:: Task statement ::
Set down exactly the lines that run from the line with "Sách - Thực" to the end of the data, and nothing else.

:: Records provided ::
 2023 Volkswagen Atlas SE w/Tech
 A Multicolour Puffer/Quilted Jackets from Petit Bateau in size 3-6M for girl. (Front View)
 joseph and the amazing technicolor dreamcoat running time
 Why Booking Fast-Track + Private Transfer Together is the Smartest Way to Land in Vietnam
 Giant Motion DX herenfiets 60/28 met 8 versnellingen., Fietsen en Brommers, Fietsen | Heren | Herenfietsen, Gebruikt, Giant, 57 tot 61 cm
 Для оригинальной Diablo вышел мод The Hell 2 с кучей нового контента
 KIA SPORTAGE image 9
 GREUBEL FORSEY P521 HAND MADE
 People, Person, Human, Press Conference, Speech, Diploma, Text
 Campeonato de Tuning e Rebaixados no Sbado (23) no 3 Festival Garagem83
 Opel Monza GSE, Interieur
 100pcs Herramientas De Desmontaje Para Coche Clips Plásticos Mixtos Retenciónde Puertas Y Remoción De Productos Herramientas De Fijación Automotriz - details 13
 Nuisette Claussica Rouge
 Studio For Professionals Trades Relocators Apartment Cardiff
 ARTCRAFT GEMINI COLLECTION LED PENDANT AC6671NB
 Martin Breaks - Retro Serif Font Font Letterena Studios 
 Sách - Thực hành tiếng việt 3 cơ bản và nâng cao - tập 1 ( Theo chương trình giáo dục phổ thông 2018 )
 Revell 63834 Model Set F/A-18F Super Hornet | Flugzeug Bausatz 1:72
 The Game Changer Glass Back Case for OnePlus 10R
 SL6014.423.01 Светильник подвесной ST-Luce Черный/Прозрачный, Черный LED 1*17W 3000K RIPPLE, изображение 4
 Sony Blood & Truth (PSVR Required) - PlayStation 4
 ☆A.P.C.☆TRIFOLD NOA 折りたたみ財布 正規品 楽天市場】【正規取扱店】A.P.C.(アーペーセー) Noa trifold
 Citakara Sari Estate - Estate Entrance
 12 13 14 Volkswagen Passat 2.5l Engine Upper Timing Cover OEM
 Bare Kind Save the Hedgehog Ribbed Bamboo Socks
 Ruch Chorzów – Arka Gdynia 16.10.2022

:: Exercise answer ::
 Sách - Thực hành tiếng việt 3 cơ bản và nâng cao - tập 1 ( Theo chương trình giáo dục phổ thông 2018 )
 Revell 63834 Model Set F/A-18F Super Hornet | Flugzeug Bausatz 1:72
 The Game Changer Glass Back Case for OnePlus 10R
 SL6014.423.01 Светильник подвесной ST-Luce Черный/Прозрачный, Черный LED 1*17W 3000K RIPPLE, изображение 4
 Sony Blood & Truth (PSVR Required) - PlayStation 4
 ☆A.P.C.☆TRIFOLD NOA 折りたたみ財布 正規品 楽天市場】【正規取扱店】A.P.C.(アーペーセー) Noa trifold
 Citakara Sari Estate - Estate Entrance
 12 13 14 Volkswagen Passat 2.5l Engine Upper Timing Cover OEM
 Bare Kind Save the Hedgehog Ribbed Bamboo Socks
 Ruch Chorzów – Arka Gdynia 16.10.2022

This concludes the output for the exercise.